Bleem is the Hucang integrated engine that Kuaishou is promoting and using. It is not positioned to replace ClickHouse, which already meets many needs. Bleem, the integrated lake and warehouse engine, will optimize some pain points of ClickHouse, such as join optimization and RBO&CBO optimization. In addition, Bleem directly faces the data lake, and its main purpose is to improve the analysis efficiency of the data lake. The ultimate goal is to achieve performance close to ClickHouse. In this way, data analysis can be performed directly from the data lake, avoiding some consumption of data production.
4. Future prospects
The above introduces the performance optimization practice of analysis scenarios. To sum up, performance optimization requires team collaboration to achieve efficient user-oriented analysis, such as analysis and diagnosis, query optimization, materialization acceleration, cache preheating, data warehouse construction, engine optimization, etc.

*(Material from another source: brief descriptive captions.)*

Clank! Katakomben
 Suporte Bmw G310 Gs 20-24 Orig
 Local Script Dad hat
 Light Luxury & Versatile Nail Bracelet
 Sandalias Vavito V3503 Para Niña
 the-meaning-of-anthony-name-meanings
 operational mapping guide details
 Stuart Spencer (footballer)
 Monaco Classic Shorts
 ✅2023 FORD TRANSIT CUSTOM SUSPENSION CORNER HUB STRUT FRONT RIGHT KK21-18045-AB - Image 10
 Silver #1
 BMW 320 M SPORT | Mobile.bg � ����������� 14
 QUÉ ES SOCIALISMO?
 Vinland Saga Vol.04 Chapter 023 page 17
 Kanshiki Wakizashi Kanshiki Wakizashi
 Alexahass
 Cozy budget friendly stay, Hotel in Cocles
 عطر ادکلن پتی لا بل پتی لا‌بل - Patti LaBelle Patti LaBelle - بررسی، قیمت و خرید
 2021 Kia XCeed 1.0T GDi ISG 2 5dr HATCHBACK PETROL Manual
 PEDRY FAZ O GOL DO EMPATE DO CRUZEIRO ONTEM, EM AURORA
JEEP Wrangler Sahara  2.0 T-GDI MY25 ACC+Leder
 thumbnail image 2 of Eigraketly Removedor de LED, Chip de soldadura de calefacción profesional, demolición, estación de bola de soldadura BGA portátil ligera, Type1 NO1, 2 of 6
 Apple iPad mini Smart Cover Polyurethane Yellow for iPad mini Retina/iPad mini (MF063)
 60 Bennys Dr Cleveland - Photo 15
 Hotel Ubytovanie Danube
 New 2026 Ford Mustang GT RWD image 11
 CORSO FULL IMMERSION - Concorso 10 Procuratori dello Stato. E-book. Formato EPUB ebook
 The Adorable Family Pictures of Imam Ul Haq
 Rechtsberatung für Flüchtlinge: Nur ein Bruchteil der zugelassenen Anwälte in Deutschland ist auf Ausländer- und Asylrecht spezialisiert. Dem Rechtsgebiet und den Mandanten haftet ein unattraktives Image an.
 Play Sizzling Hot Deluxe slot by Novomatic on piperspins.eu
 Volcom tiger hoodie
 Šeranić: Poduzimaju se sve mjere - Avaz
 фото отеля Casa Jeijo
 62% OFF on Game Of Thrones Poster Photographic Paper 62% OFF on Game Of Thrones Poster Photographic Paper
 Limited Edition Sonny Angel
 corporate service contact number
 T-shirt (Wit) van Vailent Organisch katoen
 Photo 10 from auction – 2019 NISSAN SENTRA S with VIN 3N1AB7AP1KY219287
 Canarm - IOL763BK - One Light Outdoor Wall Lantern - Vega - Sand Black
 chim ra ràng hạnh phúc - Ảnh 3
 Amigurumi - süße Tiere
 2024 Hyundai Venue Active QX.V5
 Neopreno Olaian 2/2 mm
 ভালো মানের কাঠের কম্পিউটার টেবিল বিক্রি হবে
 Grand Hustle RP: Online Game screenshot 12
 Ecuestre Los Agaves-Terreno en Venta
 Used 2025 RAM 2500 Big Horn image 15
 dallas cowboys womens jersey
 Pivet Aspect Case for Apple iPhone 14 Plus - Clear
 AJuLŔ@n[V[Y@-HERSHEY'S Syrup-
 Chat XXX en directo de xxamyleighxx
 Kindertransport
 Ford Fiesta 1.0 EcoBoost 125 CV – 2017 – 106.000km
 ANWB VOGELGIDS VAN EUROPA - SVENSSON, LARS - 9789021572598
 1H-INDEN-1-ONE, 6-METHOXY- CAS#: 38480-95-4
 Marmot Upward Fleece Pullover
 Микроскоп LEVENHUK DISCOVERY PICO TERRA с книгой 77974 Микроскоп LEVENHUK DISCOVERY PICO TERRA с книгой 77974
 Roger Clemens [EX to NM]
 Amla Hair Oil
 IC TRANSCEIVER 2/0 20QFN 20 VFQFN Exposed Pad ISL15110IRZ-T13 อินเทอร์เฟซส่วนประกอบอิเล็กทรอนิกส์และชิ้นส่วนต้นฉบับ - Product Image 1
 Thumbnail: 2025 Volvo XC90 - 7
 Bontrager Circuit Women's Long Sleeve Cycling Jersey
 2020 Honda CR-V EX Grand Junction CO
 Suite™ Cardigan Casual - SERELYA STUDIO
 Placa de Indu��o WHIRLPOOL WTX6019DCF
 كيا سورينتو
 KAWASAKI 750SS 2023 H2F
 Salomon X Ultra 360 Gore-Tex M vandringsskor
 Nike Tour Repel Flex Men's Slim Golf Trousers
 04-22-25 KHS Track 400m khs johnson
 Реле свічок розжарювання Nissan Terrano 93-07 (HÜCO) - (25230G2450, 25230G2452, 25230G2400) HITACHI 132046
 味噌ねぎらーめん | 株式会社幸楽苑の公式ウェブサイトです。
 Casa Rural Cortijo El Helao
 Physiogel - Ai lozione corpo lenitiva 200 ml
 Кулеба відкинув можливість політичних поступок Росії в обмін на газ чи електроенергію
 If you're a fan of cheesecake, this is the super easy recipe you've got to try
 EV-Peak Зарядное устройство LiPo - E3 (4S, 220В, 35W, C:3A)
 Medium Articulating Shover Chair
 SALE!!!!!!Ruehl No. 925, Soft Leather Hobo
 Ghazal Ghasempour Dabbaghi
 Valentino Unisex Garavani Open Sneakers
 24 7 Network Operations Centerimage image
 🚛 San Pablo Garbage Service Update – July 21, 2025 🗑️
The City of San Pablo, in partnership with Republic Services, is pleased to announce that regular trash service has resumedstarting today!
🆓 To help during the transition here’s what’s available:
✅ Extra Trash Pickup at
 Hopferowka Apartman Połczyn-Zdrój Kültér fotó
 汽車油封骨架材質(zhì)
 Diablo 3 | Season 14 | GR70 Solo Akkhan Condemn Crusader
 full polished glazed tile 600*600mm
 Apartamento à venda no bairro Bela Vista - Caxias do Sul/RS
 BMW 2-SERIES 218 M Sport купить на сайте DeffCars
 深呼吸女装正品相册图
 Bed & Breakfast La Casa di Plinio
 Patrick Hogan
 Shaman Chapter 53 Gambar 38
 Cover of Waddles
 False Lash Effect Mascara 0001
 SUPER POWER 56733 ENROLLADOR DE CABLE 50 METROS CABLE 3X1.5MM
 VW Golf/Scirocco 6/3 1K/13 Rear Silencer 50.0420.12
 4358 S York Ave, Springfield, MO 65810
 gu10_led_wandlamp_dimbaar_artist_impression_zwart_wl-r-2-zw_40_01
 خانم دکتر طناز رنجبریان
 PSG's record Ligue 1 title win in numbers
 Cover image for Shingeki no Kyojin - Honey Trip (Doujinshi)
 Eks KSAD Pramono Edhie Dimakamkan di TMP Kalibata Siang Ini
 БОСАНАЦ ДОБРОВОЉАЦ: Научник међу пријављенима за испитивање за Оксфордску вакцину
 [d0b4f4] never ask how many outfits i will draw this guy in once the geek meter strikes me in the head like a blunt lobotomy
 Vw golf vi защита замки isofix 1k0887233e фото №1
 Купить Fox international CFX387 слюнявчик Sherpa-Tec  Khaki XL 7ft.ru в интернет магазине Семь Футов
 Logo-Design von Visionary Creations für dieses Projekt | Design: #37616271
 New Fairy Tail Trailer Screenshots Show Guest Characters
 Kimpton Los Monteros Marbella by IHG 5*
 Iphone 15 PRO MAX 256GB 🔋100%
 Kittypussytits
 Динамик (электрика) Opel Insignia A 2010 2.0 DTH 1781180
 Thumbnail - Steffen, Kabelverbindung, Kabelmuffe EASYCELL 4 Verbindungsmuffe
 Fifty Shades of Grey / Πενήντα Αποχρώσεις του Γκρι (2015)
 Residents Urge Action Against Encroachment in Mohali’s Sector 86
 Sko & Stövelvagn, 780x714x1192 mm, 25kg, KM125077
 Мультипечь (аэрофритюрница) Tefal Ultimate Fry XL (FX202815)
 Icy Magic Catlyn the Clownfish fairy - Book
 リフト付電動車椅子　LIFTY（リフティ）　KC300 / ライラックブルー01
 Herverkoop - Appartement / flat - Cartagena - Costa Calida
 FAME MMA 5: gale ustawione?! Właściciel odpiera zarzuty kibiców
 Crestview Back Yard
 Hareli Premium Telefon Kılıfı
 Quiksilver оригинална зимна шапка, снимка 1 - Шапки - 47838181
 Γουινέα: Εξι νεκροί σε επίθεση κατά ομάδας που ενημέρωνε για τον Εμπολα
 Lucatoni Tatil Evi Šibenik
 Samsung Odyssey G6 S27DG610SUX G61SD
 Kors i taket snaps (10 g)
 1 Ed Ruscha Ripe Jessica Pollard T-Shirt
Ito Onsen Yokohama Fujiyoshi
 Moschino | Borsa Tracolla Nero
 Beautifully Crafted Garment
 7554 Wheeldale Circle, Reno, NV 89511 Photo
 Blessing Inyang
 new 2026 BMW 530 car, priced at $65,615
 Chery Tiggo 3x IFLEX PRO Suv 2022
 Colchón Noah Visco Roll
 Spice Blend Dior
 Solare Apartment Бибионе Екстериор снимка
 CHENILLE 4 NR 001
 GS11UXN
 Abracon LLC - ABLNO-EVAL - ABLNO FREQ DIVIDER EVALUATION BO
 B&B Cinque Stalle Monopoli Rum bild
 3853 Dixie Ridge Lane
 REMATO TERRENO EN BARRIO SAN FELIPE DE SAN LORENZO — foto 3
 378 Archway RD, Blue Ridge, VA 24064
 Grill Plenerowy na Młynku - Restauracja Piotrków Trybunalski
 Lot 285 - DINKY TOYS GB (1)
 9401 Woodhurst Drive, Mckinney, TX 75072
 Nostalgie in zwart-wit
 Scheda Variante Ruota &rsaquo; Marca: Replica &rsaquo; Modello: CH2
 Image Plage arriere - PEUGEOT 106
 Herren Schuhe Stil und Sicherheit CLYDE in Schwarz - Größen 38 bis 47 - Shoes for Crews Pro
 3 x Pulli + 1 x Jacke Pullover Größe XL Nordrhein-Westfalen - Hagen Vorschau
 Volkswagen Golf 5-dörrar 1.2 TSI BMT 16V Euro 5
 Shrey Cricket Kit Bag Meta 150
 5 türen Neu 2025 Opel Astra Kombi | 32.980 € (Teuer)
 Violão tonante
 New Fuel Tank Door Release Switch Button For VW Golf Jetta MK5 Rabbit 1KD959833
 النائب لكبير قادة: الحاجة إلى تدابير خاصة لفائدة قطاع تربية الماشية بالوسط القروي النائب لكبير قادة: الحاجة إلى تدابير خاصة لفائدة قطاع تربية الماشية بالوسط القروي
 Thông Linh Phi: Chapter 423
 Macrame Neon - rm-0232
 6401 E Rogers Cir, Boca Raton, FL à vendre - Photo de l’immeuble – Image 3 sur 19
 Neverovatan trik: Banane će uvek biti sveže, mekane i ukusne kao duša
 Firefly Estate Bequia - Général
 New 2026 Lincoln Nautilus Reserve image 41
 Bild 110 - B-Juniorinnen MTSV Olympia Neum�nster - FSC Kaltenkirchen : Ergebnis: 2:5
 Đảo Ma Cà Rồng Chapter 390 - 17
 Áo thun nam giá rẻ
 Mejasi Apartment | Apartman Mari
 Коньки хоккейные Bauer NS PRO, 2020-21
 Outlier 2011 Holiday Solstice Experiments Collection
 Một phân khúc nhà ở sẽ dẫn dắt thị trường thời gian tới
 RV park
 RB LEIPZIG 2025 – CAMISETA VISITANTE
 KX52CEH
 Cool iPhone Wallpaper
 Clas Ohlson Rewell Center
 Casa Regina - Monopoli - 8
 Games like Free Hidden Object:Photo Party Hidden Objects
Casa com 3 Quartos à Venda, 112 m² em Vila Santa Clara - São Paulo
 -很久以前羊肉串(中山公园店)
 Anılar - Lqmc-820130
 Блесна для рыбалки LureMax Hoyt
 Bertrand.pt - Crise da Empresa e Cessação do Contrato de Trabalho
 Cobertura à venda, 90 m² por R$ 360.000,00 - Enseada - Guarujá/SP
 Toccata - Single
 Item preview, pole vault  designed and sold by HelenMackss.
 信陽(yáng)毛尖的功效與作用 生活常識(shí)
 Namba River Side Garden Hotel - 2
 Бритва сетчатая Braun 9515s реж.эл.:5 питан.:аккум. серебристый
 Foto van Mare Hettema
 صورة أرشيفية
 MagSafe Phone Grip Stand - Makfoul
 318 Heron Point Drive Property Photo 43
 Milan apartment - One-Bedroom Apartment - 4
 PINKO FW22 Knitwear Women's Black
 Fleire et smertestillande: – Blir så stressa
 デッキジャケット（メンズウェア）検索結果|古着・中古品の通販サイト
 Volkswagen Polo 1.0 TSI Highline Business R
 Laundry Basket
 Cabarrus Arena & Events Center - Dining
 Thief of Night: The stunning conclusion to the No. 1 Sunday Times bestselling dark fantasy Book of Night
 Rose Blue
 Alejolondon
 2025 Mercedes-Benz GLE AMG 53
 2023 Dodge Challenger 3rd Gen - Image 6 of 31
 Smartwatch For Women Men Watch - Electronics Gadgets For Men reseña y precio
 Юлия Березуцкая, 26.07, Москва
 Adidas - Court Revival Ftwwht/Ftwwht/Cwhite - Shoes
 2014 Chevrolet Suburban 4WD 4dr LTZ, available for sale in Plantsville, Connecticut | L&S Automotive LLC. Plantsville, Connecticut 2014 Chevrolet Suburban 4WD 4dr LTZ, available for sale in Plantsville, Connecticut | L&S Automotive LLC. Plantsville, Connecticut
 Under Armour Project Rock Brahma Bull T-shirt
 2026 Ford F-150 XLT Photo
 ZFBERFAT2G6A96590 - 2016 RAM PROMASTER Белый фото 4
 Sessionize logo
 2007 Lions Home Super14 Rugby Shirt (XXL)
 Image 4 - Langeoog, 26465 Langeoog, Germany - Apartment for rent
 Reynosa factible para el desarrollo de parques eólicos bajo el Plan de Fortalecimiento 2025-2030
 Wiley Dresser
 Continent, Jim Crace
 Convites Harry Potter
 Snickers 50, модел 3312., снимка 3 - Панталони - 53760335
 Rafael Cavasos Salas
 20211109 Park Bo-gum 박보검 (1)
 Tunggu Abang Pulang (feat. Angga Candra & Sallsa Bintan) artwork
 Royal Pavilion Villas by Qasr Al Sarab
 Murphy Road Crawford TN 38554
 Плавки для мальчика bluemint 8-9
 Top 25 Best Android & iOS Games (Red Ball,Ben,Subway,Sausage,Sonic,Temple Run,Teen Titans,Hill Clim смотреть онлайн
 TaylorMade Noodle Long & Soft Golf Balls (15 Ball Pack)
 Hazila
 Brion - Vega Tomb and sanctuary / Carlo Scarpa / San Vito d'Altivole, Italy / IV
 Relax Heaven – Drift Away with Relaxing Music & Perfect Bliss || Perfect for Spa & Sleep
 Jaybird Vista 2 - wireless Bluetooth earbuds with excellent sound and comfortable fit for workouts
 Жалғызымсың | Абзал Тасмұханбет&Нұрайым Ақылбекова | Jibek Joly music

Regarding the future development direction, an eternal topic in data analysis is the ultimate analysis performance. In the future, optimization must be achieved through a combination of software and hardware. The ultimate vision goal is to be able to automate/intelligent the entire link from problem discovery, analysis, and optimization, thereby reducing human investment and providing efficient data analysis.
5. Q&A session
Q1: Does Bleem have any development plans to cooperate with the community, such as open source?
A1: I understand that it is not available yet. This is still in the process of continuous optimization and iteration.
Q2: Which level does Bleem belong to in the ecosystem?
A2: An analytics engine for the data lake.
Q3: Can materialization optimization optimize cross-table JOIN?
A3: Yes. There are two modes of materialization, one is aggregation mode and the other is full mode, mainly optimizing JOIN.